**EXERCISE DETAILS**:
Up to and including the line with "33 Maple St, West Haven, CT 06516 - Photo 22", write out the listing from its first line, minus the pictures.

**SOURCE DATA**:
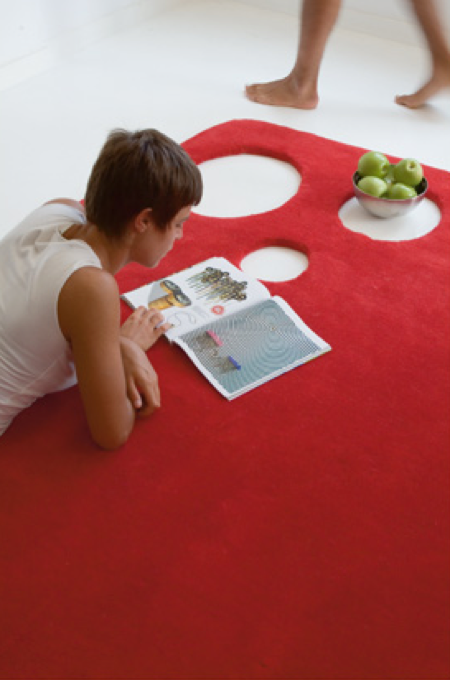 Tapis avec trou Pomp Ododesign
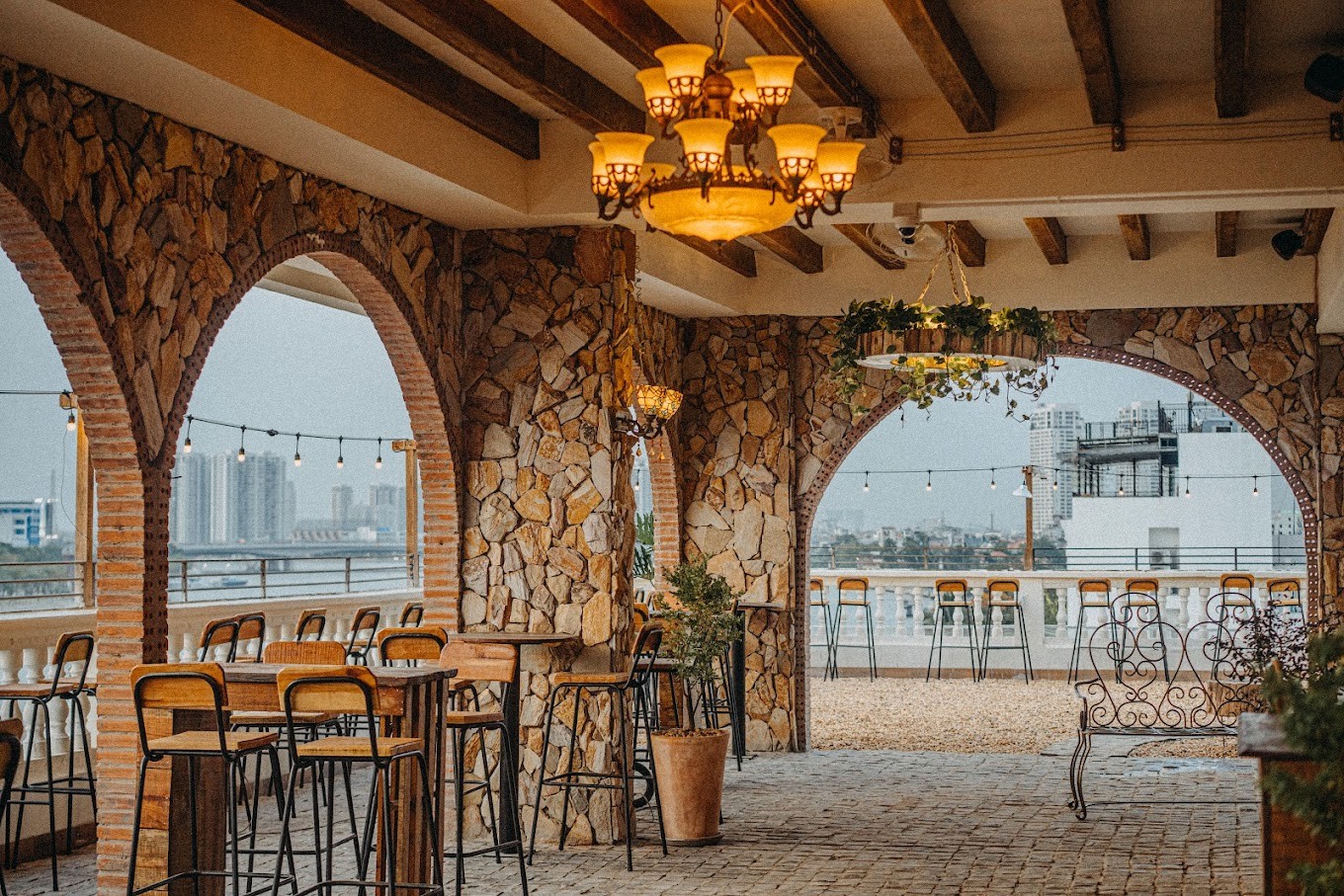Chill há»›t náº¥c vá»›i Cháº¡ng Váº¡ng Rooftop, khoáº£ng bÃ¬nh yÃªn giá»¯a thÃ nh phá»‘ nhá»™n nhá»‹p 13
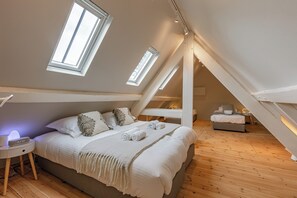 7 bedrooms, desk, iron/ironing board, travel crib - Unique & exclusive 'Villa Gentbos', Castle villa °1881 in green oasis in Ghent (Merelbeke-Melle)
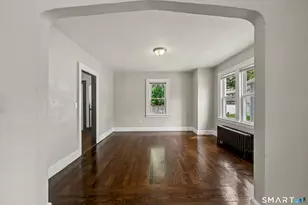 33 Maple St, West Haven, CT 06516 - Photo 22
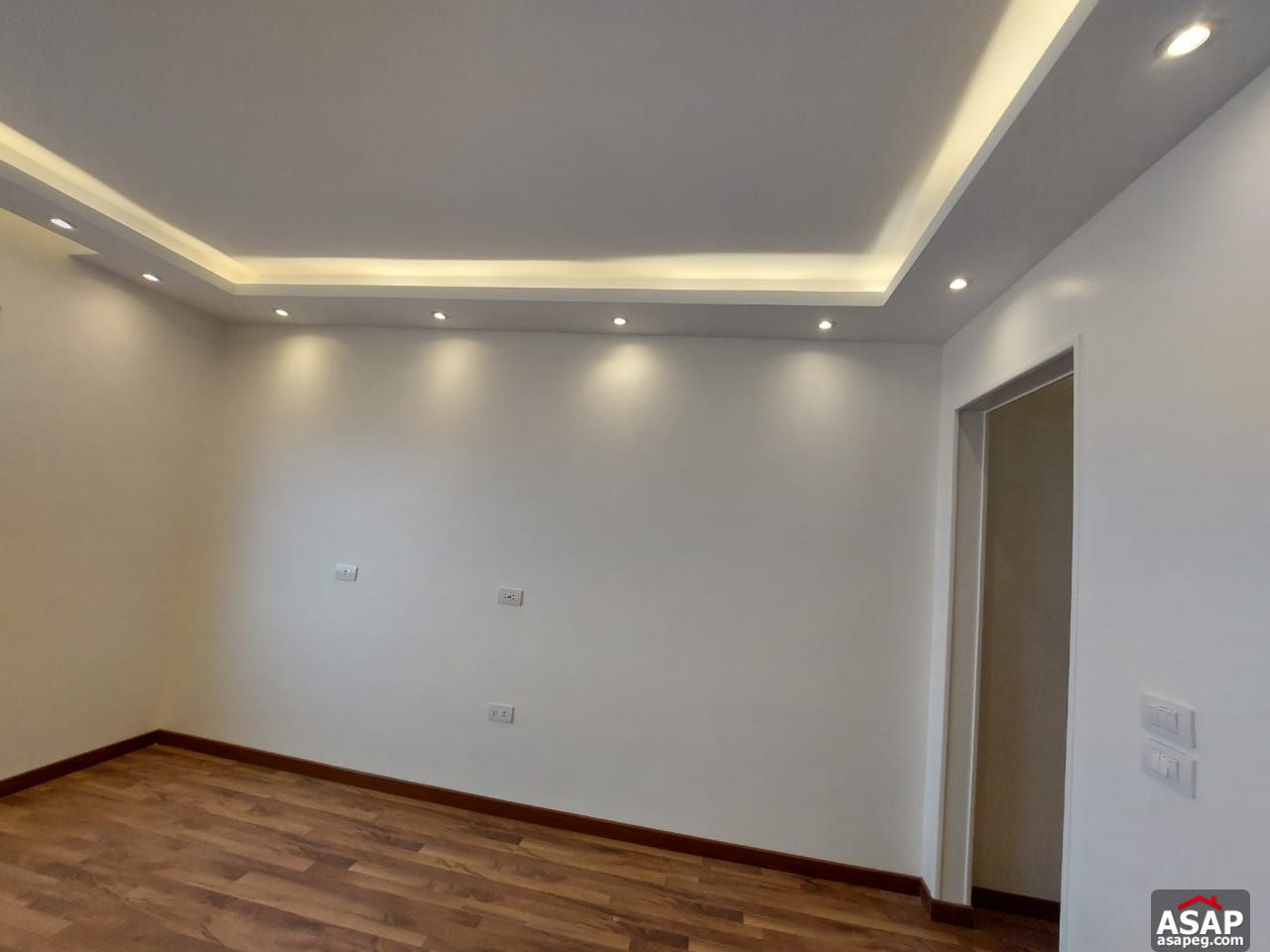 Studio for Sale in Hyde Park Compound Studio for Sale in Hyde Park Compound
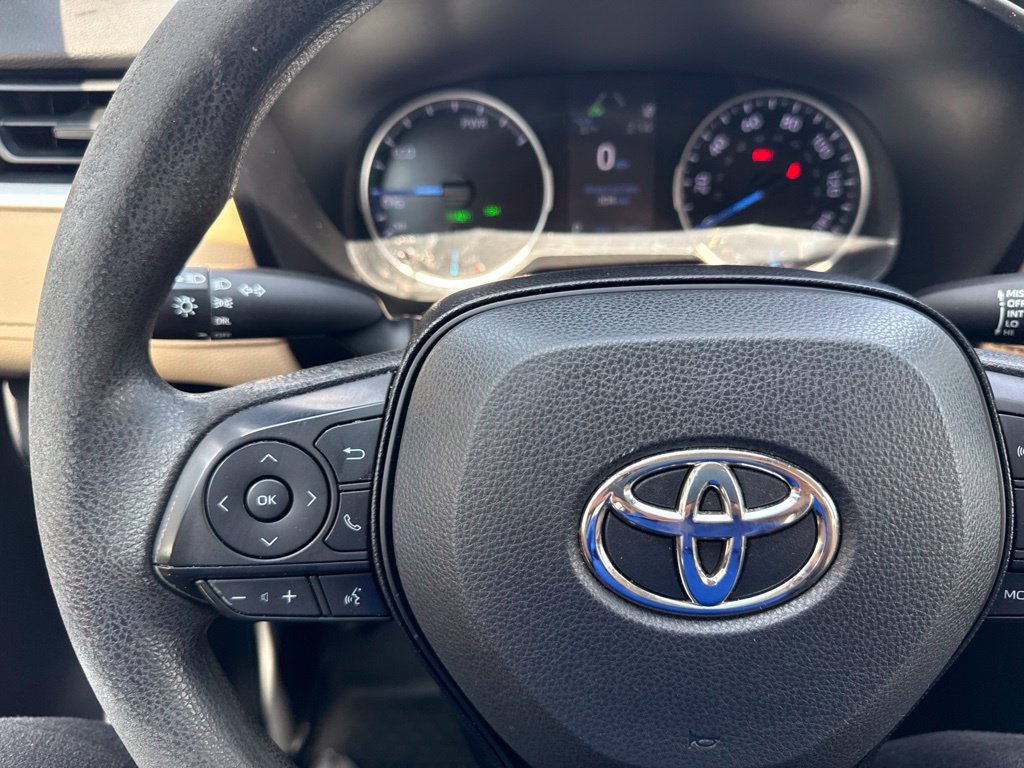 Used 2019 Toyota RAV4 LE w/ Carpet Mat Package AWD/4WD image 23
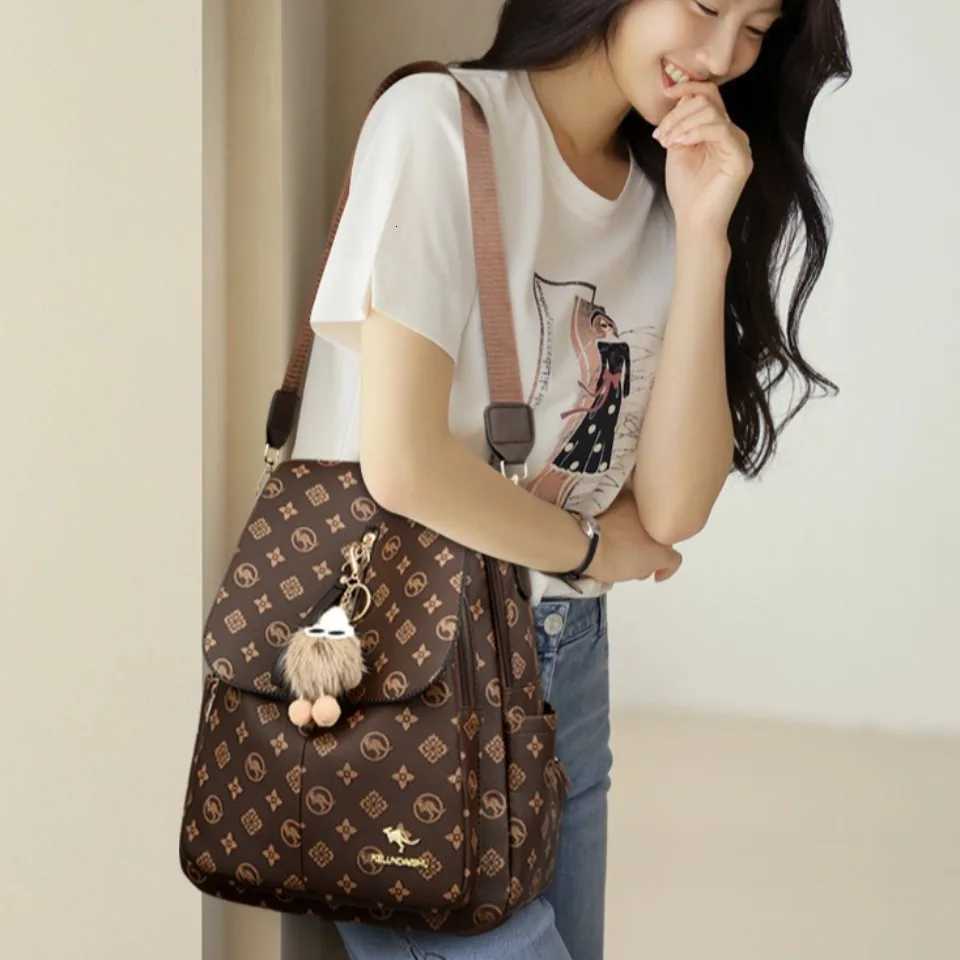 Womens Soft Leather Backpack School Bookbags for Girls Bagpack Large Capacity Designer Travel Rucksack High Quality Mochilas W251031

**ANSWER AREA**:
 Tapis avec trou Pomp Ododesign
Chill há»›t náº¥c vá»›i Cháº¡ng Váº¡ng Rooftop, khoáº£ng bÃ¬nh yÃªn giá»¯a thÃ nh phá»‘ nhá»™n nhá»‹p 13
 7 bedrooms, desk, iron/ironing board, travel crib - Unique & exclusive 'Villa Gentbos', Castle villa °1881 in green oasis in Ghent (Merelbeke-Melle)
 33 Maple St, West Haven, CT 06516 - Photo 22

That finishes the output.